Vandaag blijkt uit onderzoek van ResearchNed dat het aantal studenten met een studieachterstand met in ieder geval 54.000 is gestegen ten opzichte van het jaar 2018. De stijging is volgens het Interstedelijk Studenten Overleg (ISO) een gevolg van de coronamaatregelen. ISO-voorzitter Kees Gillesse pleit daarom voor “meer fysiek onderwijs”. Dit meld ISO.
NOG
Het ISO: 54.000 studenten hebben studieachterstand door corona
-Uit de cijfers blijkt dat er dit jaar in ieder geval 54.000 studenten meer zijn die aangeven een achterstand te hebben ten opzichte van hun studieprogramma dan twee jaar geleden. De belangrijkste oorzaken voor de studievertraging lijken het wegvallen van lessen, gebrek aan eigen faciliteiten thuis, laboratorium- en practicumonderwijs en stages. Voorzitter Kees Gillesse: “In elk klaslokaal op de universiteit zit wel iemand met extra studieachterstand.

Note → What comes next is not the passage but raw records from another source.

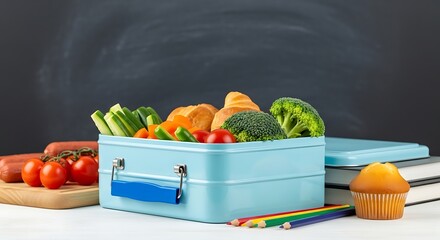 Healthy School Lunch Box Vegetables, Fruits, Healthy Food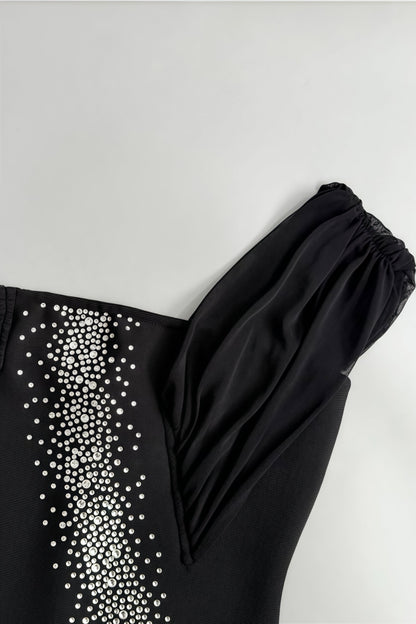 Rylihd One-shoulder Mesh Rhinestones Maxi Dress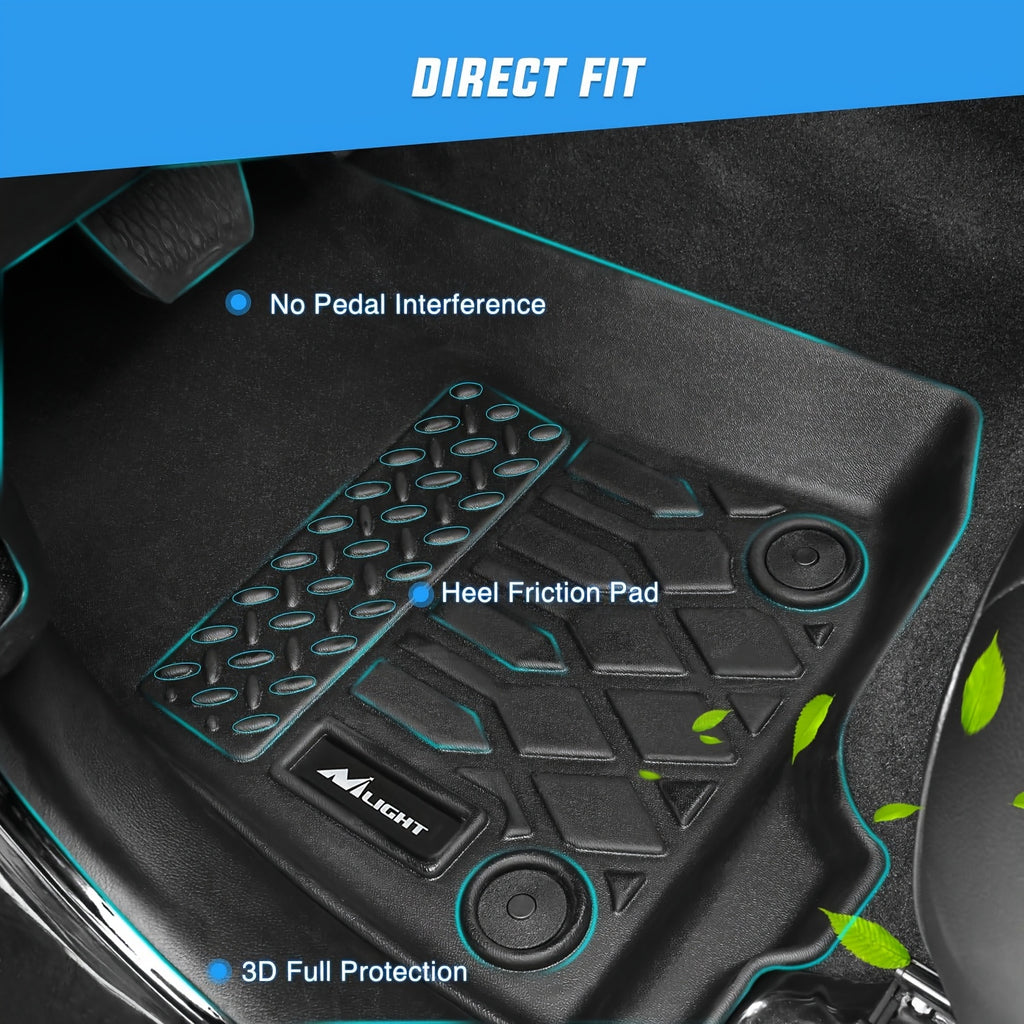 [TPE Floor Mats] Heavy Duty TPE Floor Liners | Non-Slip Textured Surface, All-Weather Protection, Easy to Clean Car Floor Mats for DODGE Charger RWD 2011-2023 & 300 RWD 2011-2023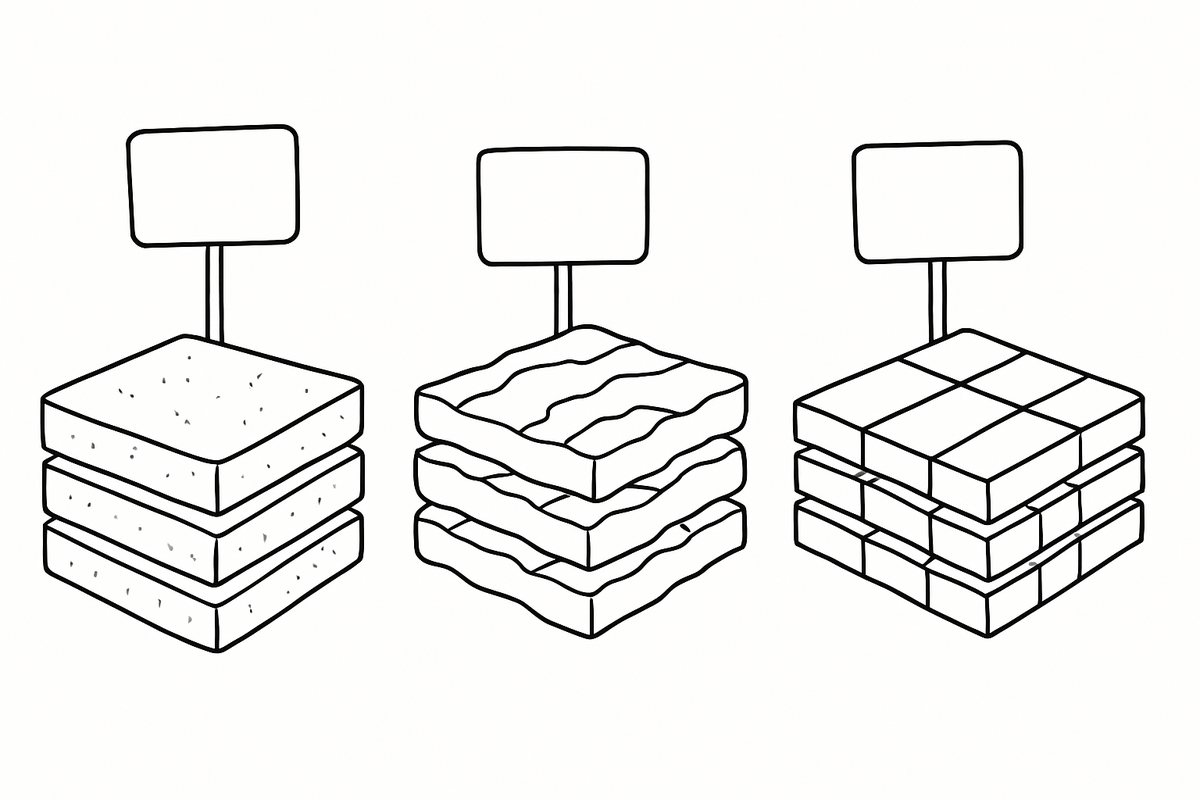 Concrete, sandstone and porcelain paving samples with price tags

Op de hogescholen zijn die cijfers hoger: dan gaat het om bijna drie studenten per klaslokaal. We vermoeden dat dit verschil veroorzaakt wordt doordat er in het hbo meer praktijkonderwijs en stages in het curriculum verweven zitten.”
Uit de resultaten blijkt dat bijna zestig procent van de studenten positief oordeelt over de wijze waarop de instelling het onderwijs heeft georganiseerd tijdens de coronacrisis. Wel geeft driekwart van de studenten aan dat ze de vorm van het onderwijs slechter vindt dan normaal. Meer dan twintig procent van de studenten geeft aan dat een deel van hun onderwijs gestopt of uitgevallen is, bij studenten met veel laboratorium- of practicumonderwijs is dit zelfs vier op de tien. Daarnaast wordt bevestigd dat studenten met gebrek aan faciliteiten thuis veel vaker onderwijs missen. Tot slot geeft ruim dertig procent van de studenten aan minder studiepunten te hebben gehaald door de coronamaatregelen.
Studentenorganisatie ISO vindt de cijfers problematisch, maar ziet ook oplossingen. De organisatie wijst daarbij specifiek naar het OV. Kees Gillesse: “Wat zou helpen is dat er weer meer onderwijs fysiek kan gaan plaatsvinden. Daarvoor is nodig dat het kabinet onderwijs prioriteit geeft. Alleen onderwijs tussen 11.00 en 15.00 uur en na 20.00 uur helpt daar niet bij.”
Ook doet de studentenorganisatie een oproep aan instellingen: “Dit onderzoek laat zien waar belangrijke knelpunten zitten. Studiefaciliteiten moeten zo snel mogelijk weer open. Daarbij is het belangrijk dat bestuurders in gesprek gaan met hun medezeggenschap over wat ze nodig hebben en dat er maatwerk wordt geleverd voor individuele studenten.”
Tot slot is de studentenorganisatie kritisch op Den Haag. Voorzitter Kees Gillesse: “Het is gek dat wij als studentenorganisatie dit onderzoek zelf moesten laten uitvoeren. Deze cijfers moeten het ministerie, universiteiten en hogescholen echt zelf boven tafel halen om goed beleid te kunnen maken. Sturen op zicht moet niet de regel worden. Je moet ook willen uitzoeken hoe het zit.”